PROBLEM DESCRIPTION
Could you copy the records below exactly, leaving out any pictures?

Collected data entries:
= = =
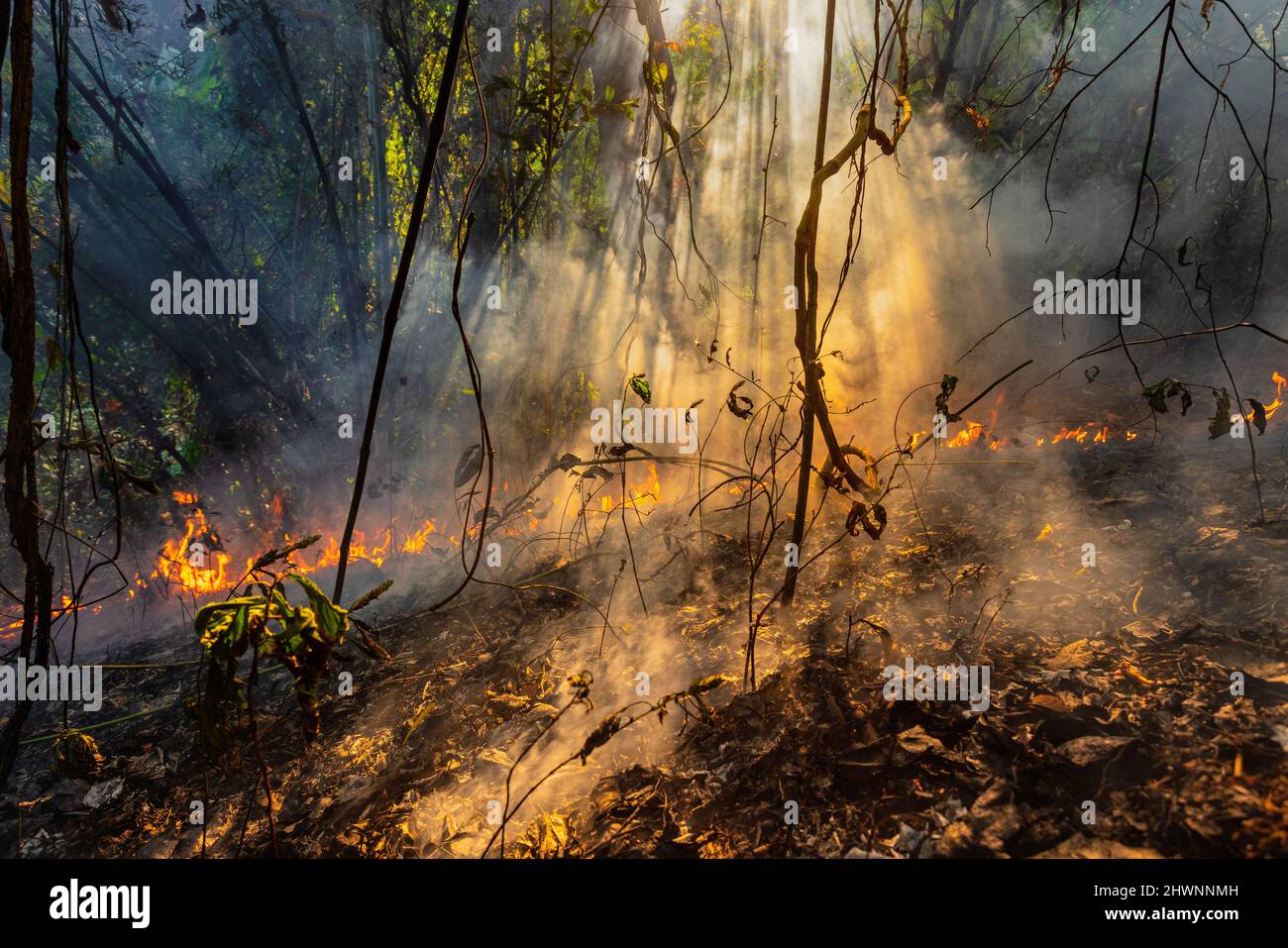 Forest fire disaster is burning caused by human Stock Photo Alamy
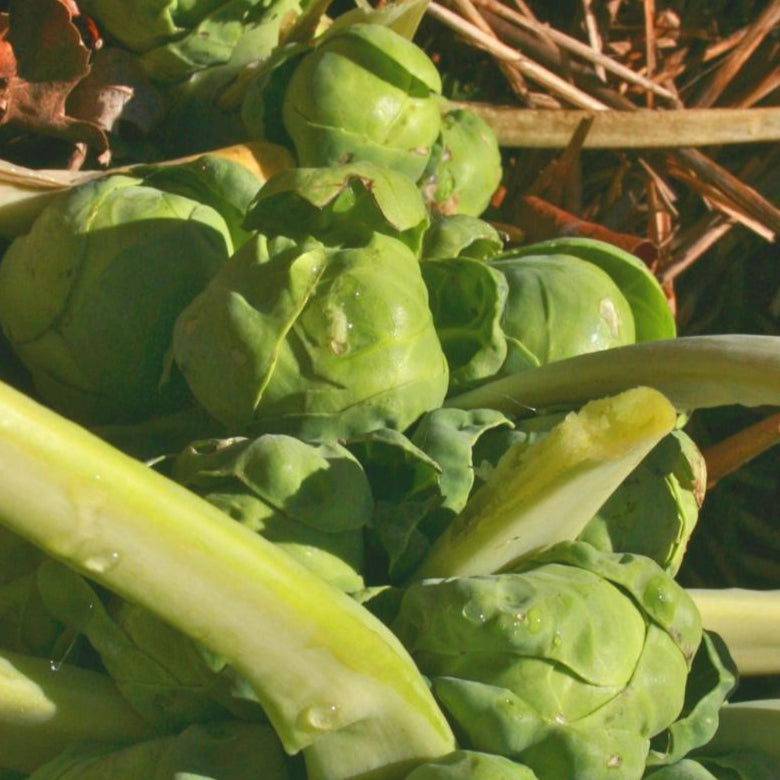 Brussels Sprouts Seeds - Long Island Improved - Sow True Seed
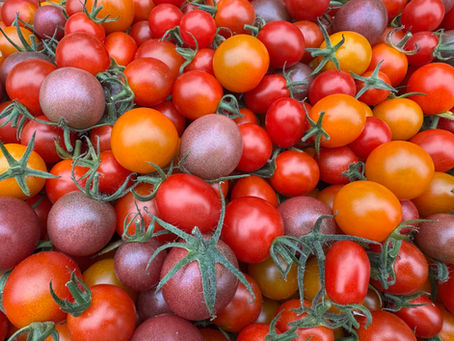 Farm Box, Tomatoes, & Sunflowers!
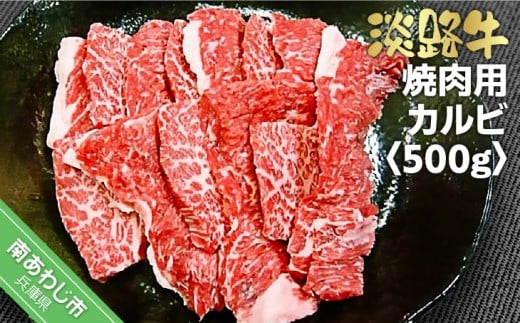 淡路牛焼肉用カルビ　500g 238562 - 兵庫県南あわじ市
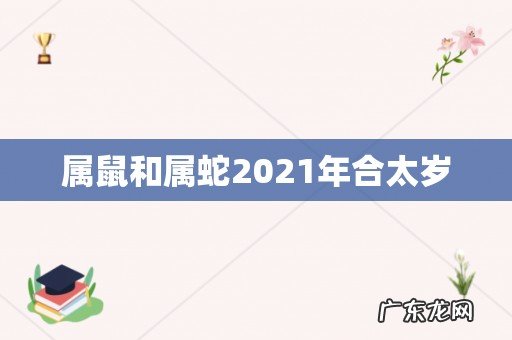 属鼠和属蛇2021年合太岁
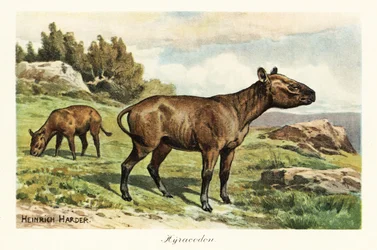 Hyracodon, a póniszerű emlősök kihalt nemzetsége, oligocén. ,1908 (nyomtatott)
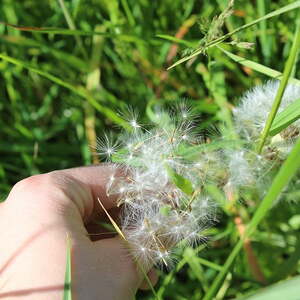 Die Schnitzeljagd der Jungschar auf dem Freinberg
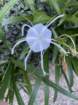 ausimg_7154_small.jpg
= = =
PROBLEM SOLUTION
 Forest fire disaster is burning caused by human Stock Photo Alamy
 Brussels Sprouts Seeds - Long Island Improved - Sow True Seed
 Farm Box, Tomatoes, & Sunflowers!
 淡路牛焼肉用カルビ　500g 238562 - 兵庫県南あわじ市
 属鼠和属蛇2021年合太岁
 Hyracodon, a póniszerű emlősök kihalt nemzetsége, oligocén. ,1908 (nyomtatott)
 Die Schnitzeljagd der Jungschar auf dem Freinberg
 ausimg_7154_small.jpg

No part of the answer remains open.